Sokołów ma być tak dużo nie tylko po tom by odbudować ich populację w Rosji, ale mają także stanowić cieszący się dużym popytem przedmiot eksportu do krajów Zatoki Perskiej.

W takich krajach jak Arabia Saudyjska, Zjednoczone Emiraty Arabskie czy Kuwejt wciąż bardzo żywa jest tradycja łowiecka, więc rynek zbytu na sokoły jest duży.

Szczególnie pożądane są właśnie ulubione ptaki rosyjskich carów - białozory, głównie ze względu na swoją wielkość i inteligencję.

Sokoły te są odławiane w Rosji przez kłusowników. Wabione żywą przynętą są łapane w siatki, krępowane i ukrywane, by przemycić je przez kontrole. Wiele ptaków takich podróży nie przeżyło. Za nielegalne odławianie sokołów grozi w Rosji kara do 4 lat więzienia.

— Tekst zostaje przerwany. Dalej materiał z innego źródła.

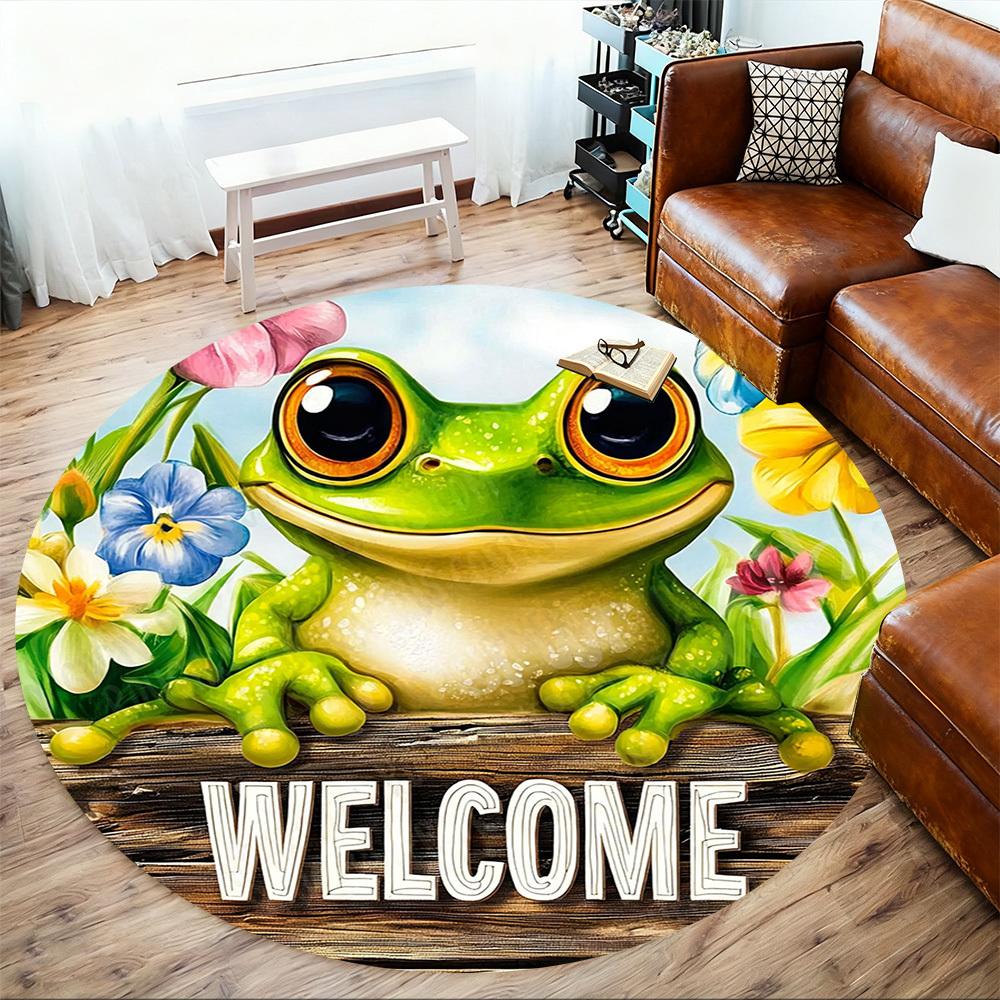 1PC frog welcome Office Round Area Rug, Under Office Chairs Bedroom Living Room Home Decor, Carpet for Office -1110054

Ten proceder szczególnie żywy jest na dalekim wschodzie Rosji - na Kamczatce, gdzie występuje najwięcej białych białozorów - najcenniejszych.

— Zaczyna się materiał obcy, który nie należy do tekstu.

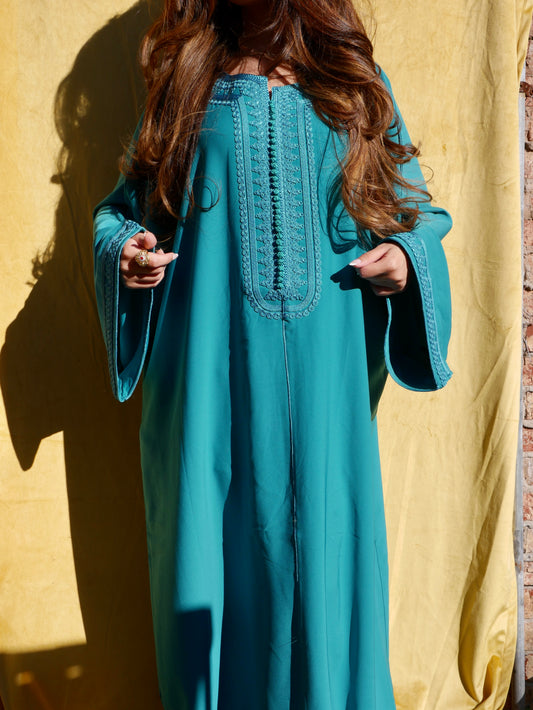 Caftan HALIMA turquoise broderie turquoise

Tam, jak mówi specjalista od tego gatunku sokołów, Jewgienij Łobkow, kłusownictwo na skalę przemysłowa trwa od dziesięcioleci. Sprawy rzadko trafiają do sądu. Według mediów w 2013 roku do takiej rozprawy doszło, ale kaucję za kłusownika uiściła ambasada Zjednoczonych Emiratów Arabskich.

Pomysł zbudowania farm hodujących sokoły entuzjastycznie zachwala rzecznik Kremla Dmitrij Pieskow, który nazywa go "fantastycznym projektem biznesowym".

Rosyjscy ornitolodzy nie są tak zachwyceni, obawiając się, że hodowla niekorzystnie wpłynie na pulę genów sokołów endemicznych.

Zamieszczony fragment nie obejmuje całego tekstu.